# WHAT IS REQUIRED:
Exactly as written, write out the lines below from the first to the one containing "Knott Flap Crossbody Bag", inclusive. Pictures do not belong in the copy.

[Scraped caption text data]
|---|
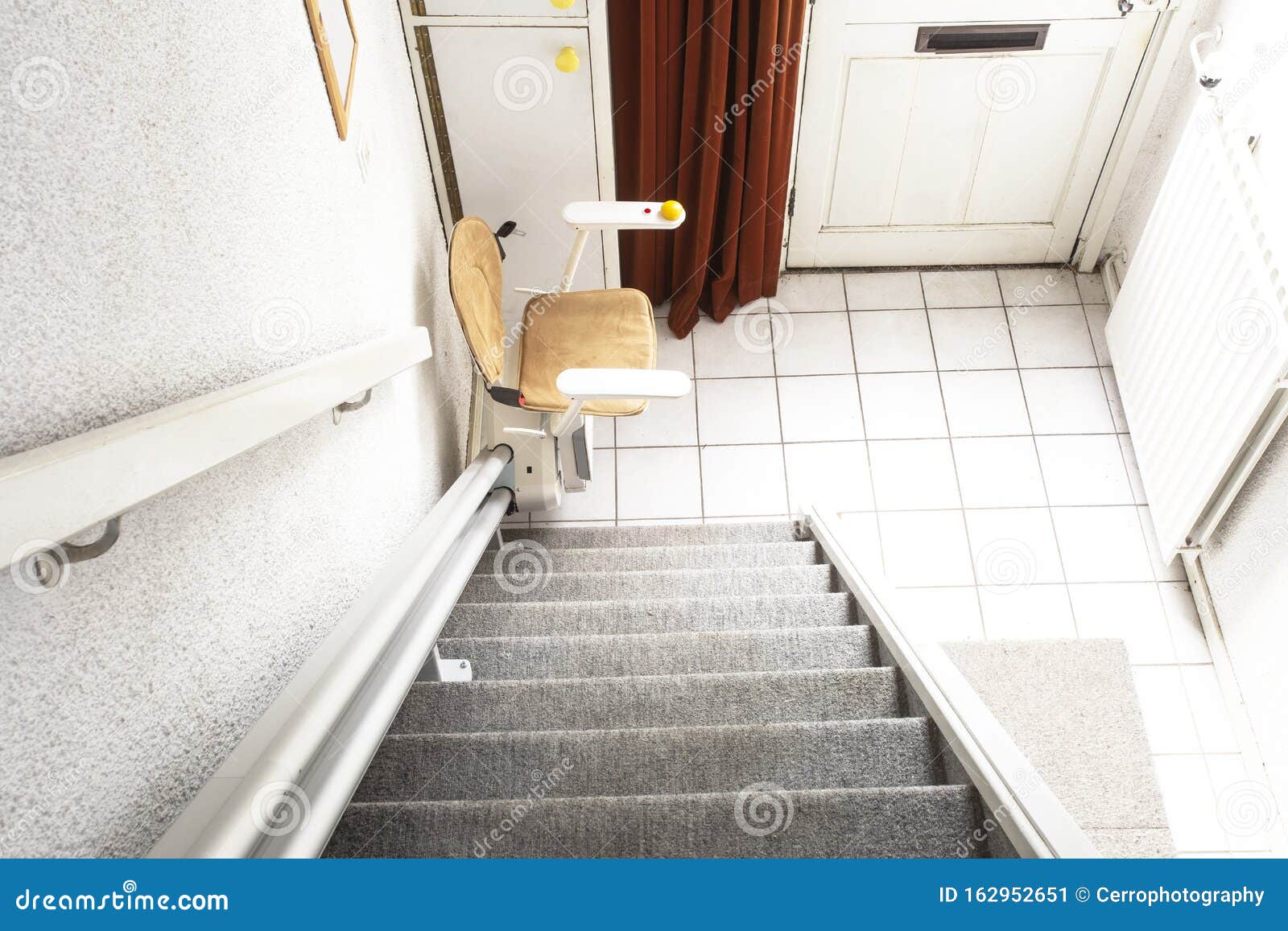 automatic stair lift on staircase taking elderly people and disabled persons up and down in a house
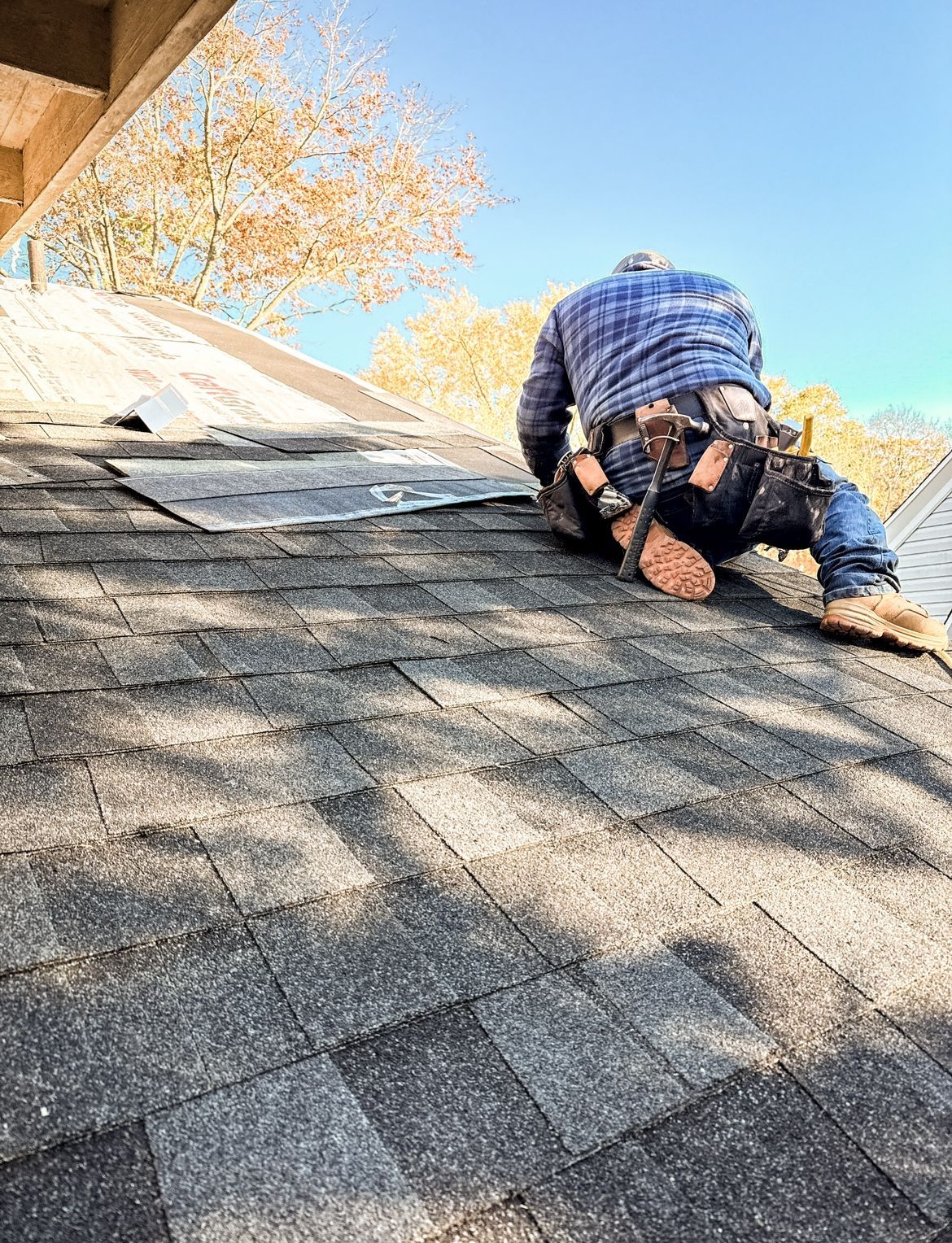 Roofer repairing asphalt shingles on a sunny day.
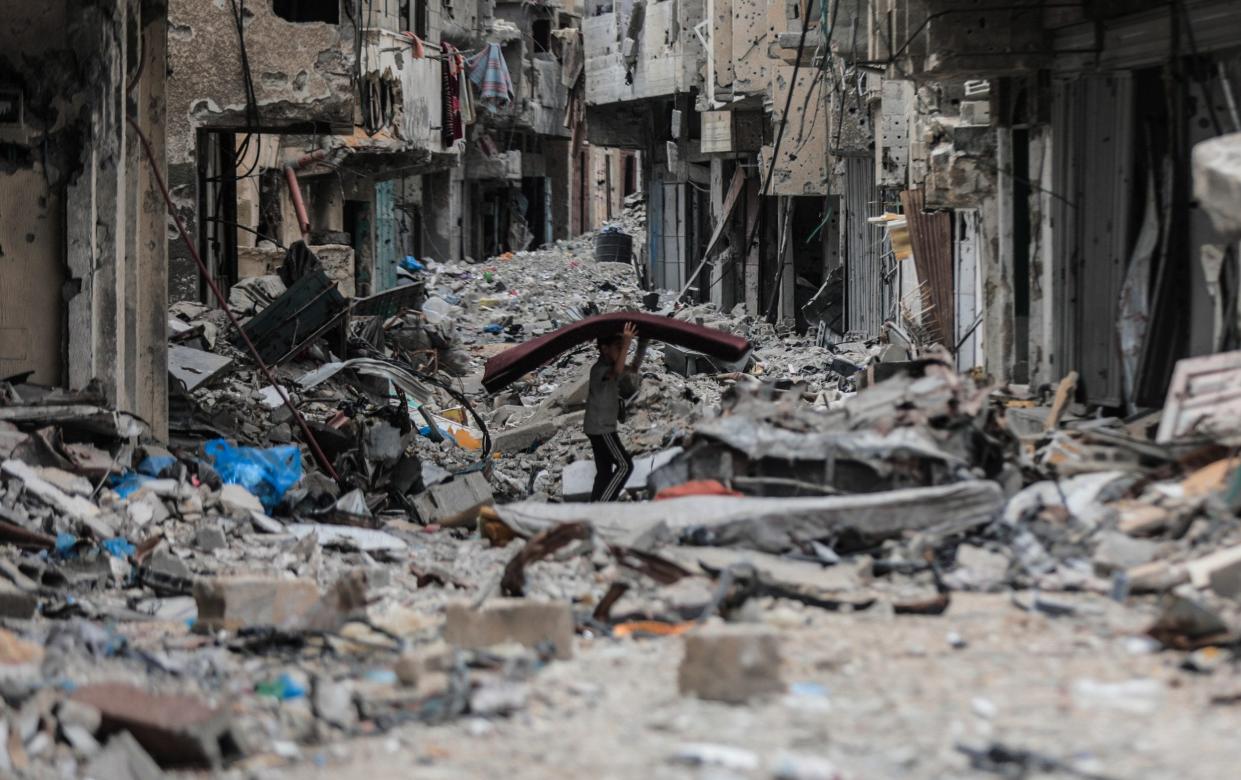 A Palestinian child carries usable items among buildings, some of which are destroyed and the majority of which are heavily damaged and unusable as Palestinians who returned to the city of Khan Yunis in the south of Gaza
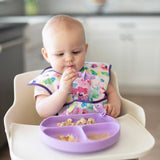 Baby in high chair with colorful bib holds Bumkins Silicone Chewtensils®: Lavender, enjoying food from a sectioned plate. Kitchen behind.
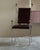 A pair of chairs created by designer-sculptor Felix Agostini in 1969, France. The frame is made of hammered chromed iron,...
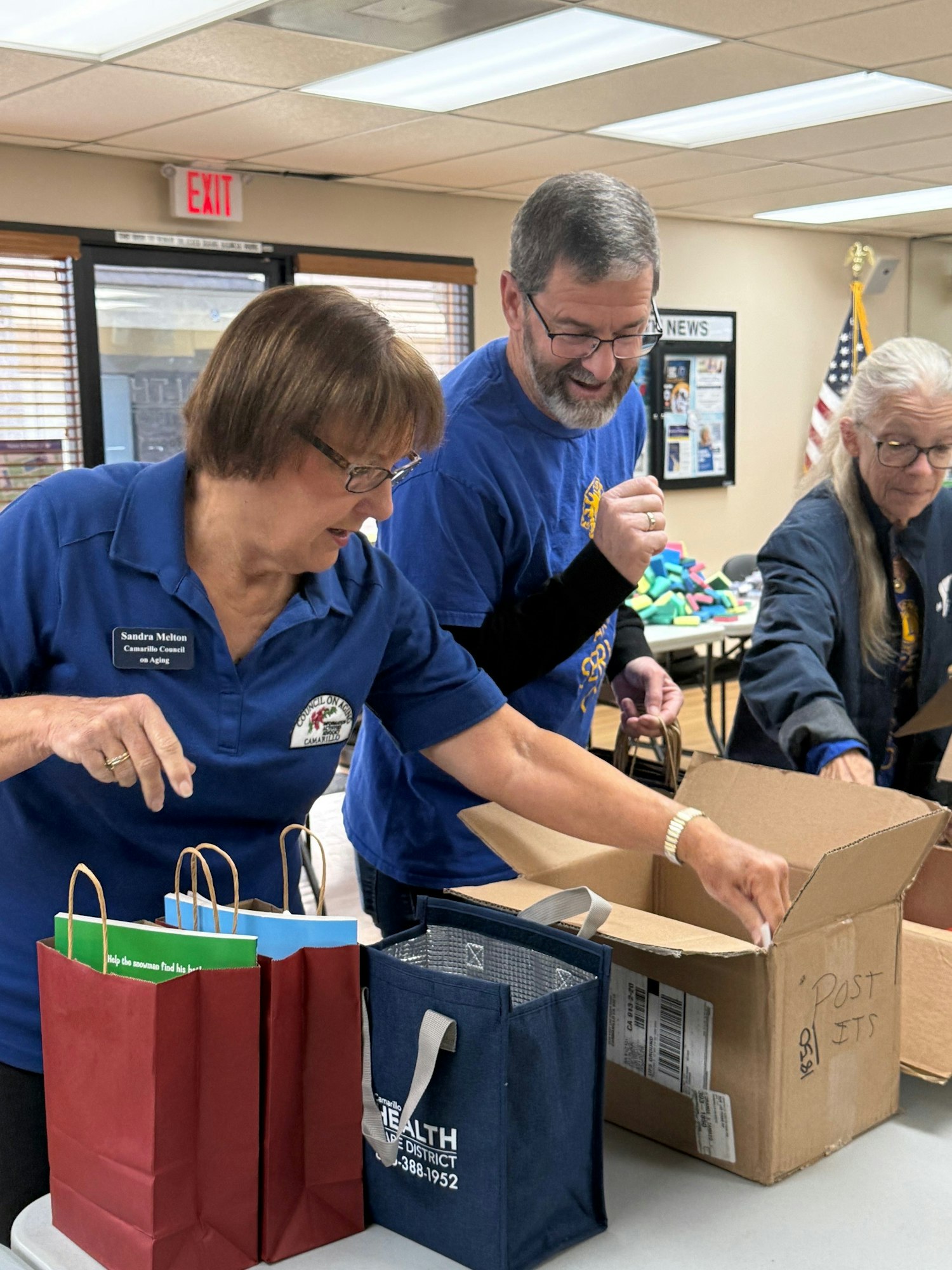 People packing items into gift bags on a table indoors, with boxes and an American flag in the background.
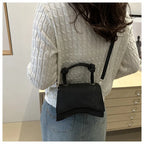 Knott Flap Crossbody Bag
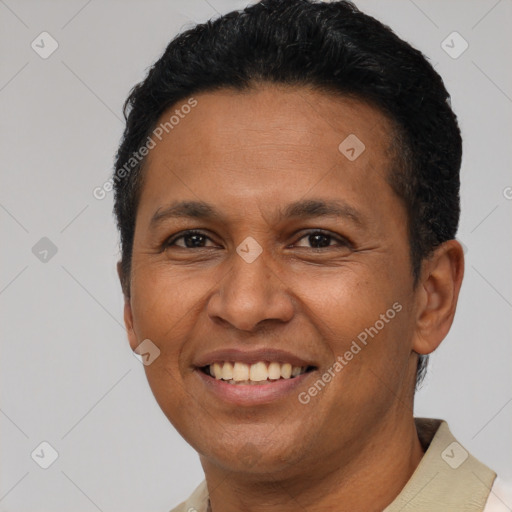 Joyful latino adult male with short  black hair and brown eyes
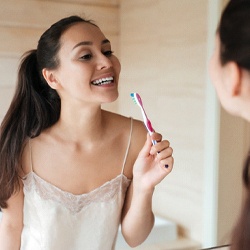 Woman brushing teeth to prevent dental emergency in Pittsburgh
|---|
# WRITTEN RESPONSE:
 automatic stair lift on staircase taking elderly people and disabled persons up and down in a house
 Roofer repairing asphalt shingles on a sunny day.
 A Palestinian child carries usable items among buildings, some of which are destroyed and the majority of which are heavily damaged and unusable as Palestinians who returned to the city of Khan Yunis in the south of Gaza
 Baby in high chair with colorful bib holds Bumkins Silicone Chewtensils®: Lavender, enjoying food from a sectioned plate. Kitchen behind.
 A pair of chairs created by designer-sculptor Felix Agostini in 1969, France. The frame is made of hammered chromed iron,...
 People packing items into gift bags on a table indoors, with boxes and an American flag in the background.
 Knott Flap Crossbody Bag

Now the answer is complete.